The shifting healthcare policy landscape
Your organization’s ability to thrive in this new era will be defined by one thing: a seamless, strategic approach to data. With new government mandates, the evolution of value-based payment models like the upcoming end of ACO REACH, and a renewed focus on patient-centered care, the old way of doing things is no longer an option. This guide will explore the key policy shifts that are shaping the industry and how you can position your organization at the forefront of this transformation.
Reason 1: outdated systems can't keep pace with new policies
Federal mandates are not just creating administrative work; they are fundamentally reshaping how you get paid. A key example is the CMS-HCC V28 risk adjustment model. This update, and others like it, shifts payment from a volume-based model to one that rewards precise, highly specific documentation of patient complexity. It adds new HCC categories and removes thousands of ICD-10 codes from the risk adjustment calculation, directly impacting your organization’s revenue.
This rapid, unpredictable change is a constant in the current landscape. As the ACO REACH model is scheduled to end in 2026 with no clear replacement yet announced, organizations face a critical need for technology that can adapt.

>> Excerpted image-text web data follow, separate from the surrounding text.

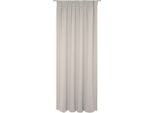 Vorhang WIRTH "Torbole" Gr. 5, gelb (ocker), B:132cm H:255cm, Jacquard, Baumwolle, Polyester, Gardinen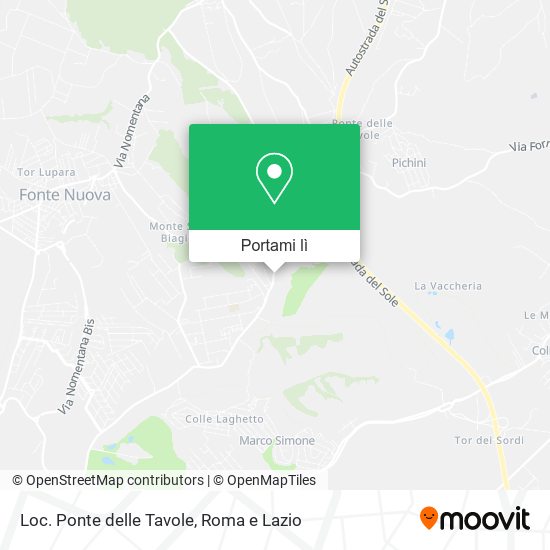 Mappa Loc. Ponte delle Tavole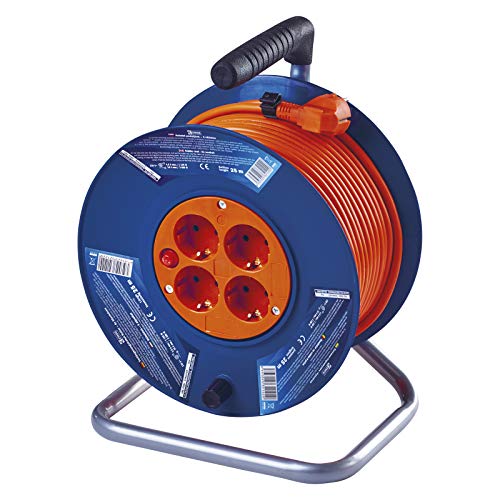 EMOS P09225 Profi-Kabeltrommel, 25m Kabel mit 4...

Without a flexible platform, you face:
- Risk of revenue loss: Inaccurate or nonspecific coding due to outdated systems can lead to a significant drop in risk adjustment factor (RAF) scores, directly reducing your reimbursement.
- Increased administrative burden: Manual processes for identifying, educating, and auditing for V28 changes create a massive workload for your teams, pulling them away from patient care.
A future-ready platform automates these updates, ensuring your EHRs and RCM services are always aligned with the latest rules, so you can focus on patient care, not policy compliance.
Reason 2: lack of interoperability is a financial liability
The ONC Cures Act is designed to end “information blocking” by mandating seamless data exchange. This isn’t just about sharing a patient record; it’s about enabling a “health app economy” that gives patients on-demand, secure access to their electronic health information (EHI). While this empowers patients, it poses a challenge for legacy systems that are not built on modern APIs. The result is:
- Hindered care coordination: Fragmented data across different systems prevents care teams from having a complete view of the patient, leading to missed diagnoses and costly care gaps.
- Missed opportunities: You can’t leverage new technologies like AI-powered analytics or telehealth effectively if your data is locked in silos. This limits your ability to predict patient risks and engage them proactively.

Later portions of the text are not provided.